Ok so im writing an NDA and Asset, Termination and Payment Contract for teammates to sign and I think they’re fair and shouldn’t contain any loopholes but what do you think? I decided to write my own because the official one, although very professional, are very wordy and can be hard to understand. I tried to keep mine written in formal english and to the point.

Here is the Asset, Termination and Payment Contract this contract basically says that if you make us assets they are property of creator and distributor unless you quit or desert the team in which case your assets become ours and you dont get paid, but you still get credited for the creation, this is written like this so that if anything happens to the creator we can still move foreward with the project without interruptions, because someone as vital as say a programmer or character modeler or asset modeler etc, quitiing on you would devistate your project especially one thats large and complex such as mine, especially if they had most of the work done, starting over would not be good, this contract protects us from that mess.

THUNDER MOUNTAIN GAME STUDIOS ASSET, TERMINATION AND PAYMENT CONTRACT
Version 1 – 11/03/2011
Version 2 – 12/21/2011
Version 3 – 5/8/2014

This contract states the terms of business while working for Thunder Mountain Game Studios.

SECTION ONE: DEFINITION OF ASSETS

Assets can include anything that is created for any of our games or company, this includes but is not limited to: weapons, levels, textures, scripts, vehicles, sounds, characters, animations, software etc.

S1 Part A - Ownership of Distributed Assets

A distributed asset is any asset that you have made and has been sent to us.
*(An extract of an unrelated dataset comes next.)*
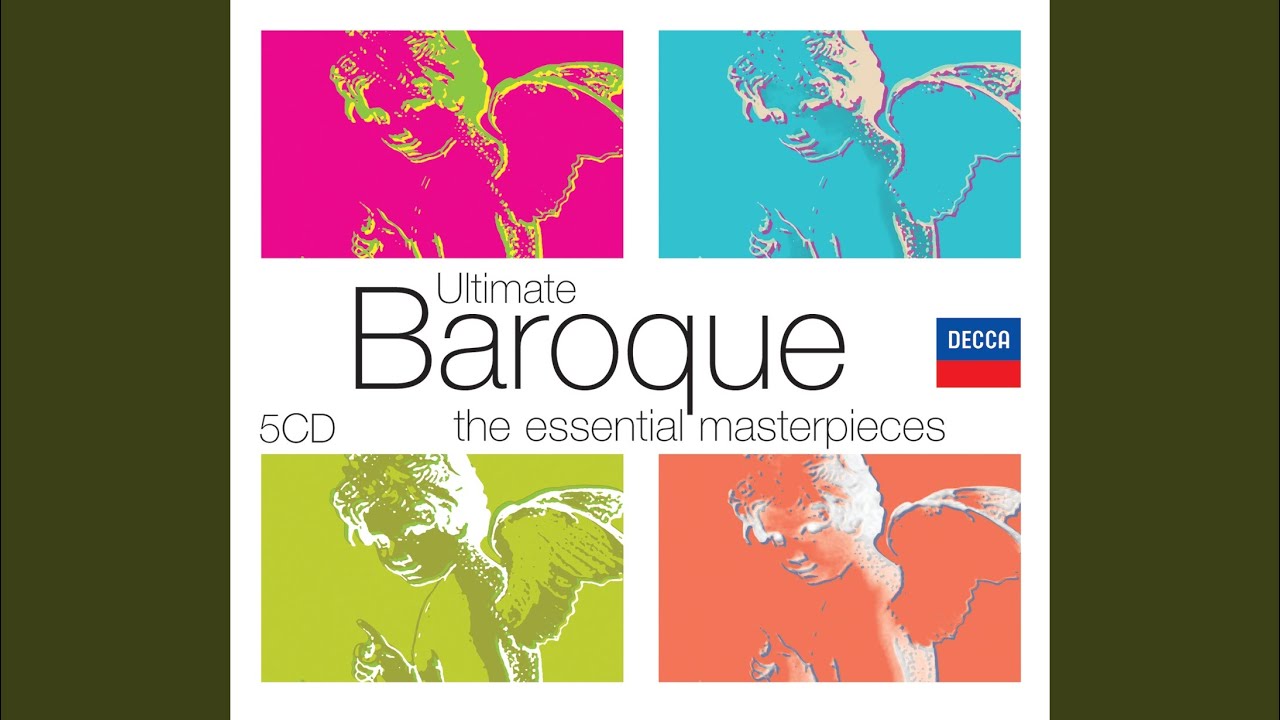 Assista a J.S. Bach: Orchestral Suite No. 2 in B Minor, BWV 1067: II. Rondeau no YouTube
By sending us assets they become mutual property. Mutual Property means that while working with Thunder Mountain Game Studios, assets are property of the creator and TMGS unless Section Two Parts A – C apply, in which case asset rights are transferred from mutual ownership to distributor(TMGS) only.

S1 Part B - Asset Rights

Even though assets sent to us become our property, you still retain the rights to be paid for the assets you create through some form of post launch compensation (eg. royalties (see Section 3 Part A - C) ONLY IF Section 2 Parts A - C DO NOT apply. However even if Section 2 Parts A - D apply to you, you will still be credited as their creator(s). These rights will NOT be violated by us.

SECTION TWO: CONDITIONS FOR TERMINATION

S2 Part A - Termination

If you prove to be an unproductive member of the team, are persistently rude, degrading or hurtful to fellow team mates you will be warned ONCE to stop, if you persist you will be terminated from the project and will never work for us again.

S2 Part B - Desertion

If we do not hear from you within 2 weeks and we have attempted to contact you 3 times, you are assumed to have deserted the team and will be officially terminated from the team forever.
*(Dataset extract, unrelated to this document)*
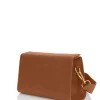 Store Andrea Iyamah Mala Brown Shoulder Bag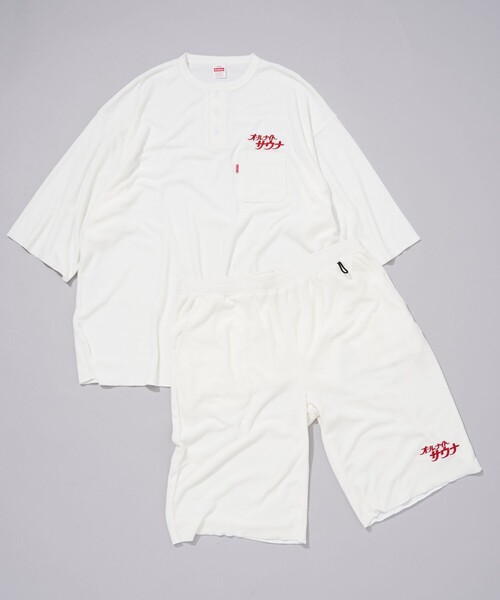 FREAK'S STORE（フリークスストア） セットアップ MEDIUM グレー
S2 Part C - Extended Absences

Here at TMS Games we only want dedication, we understand that people have lives to live and they have jobs to do, but if you make a commitment to us it is expected to be kept. If you say your going to help and we don’t hear from you for several weeks at a time you will be warned. You get THREE warnings. After that you will be fired from the team. We expect you to keep in frequent touch with us at least once a week and inform us of what is going on with the assets you are creating. If you have a busy schedule we need to know that as well. We are more than willing to make exceptions for people who are very busy.

S2 Part D - Voluntary Termination

If you are unable to continue working with us due to personal issues or disinterest, please let us know. However all parts in Section One still apply. If you have persona troubles and cannot continue working you will still be payed for the work you have put in.

SECTION THREE: PAYMENT

S3 Part A - Royalties

Currently, royalties are the only form of payment that we offer. We cannot and will not negotiate any other form of payment types.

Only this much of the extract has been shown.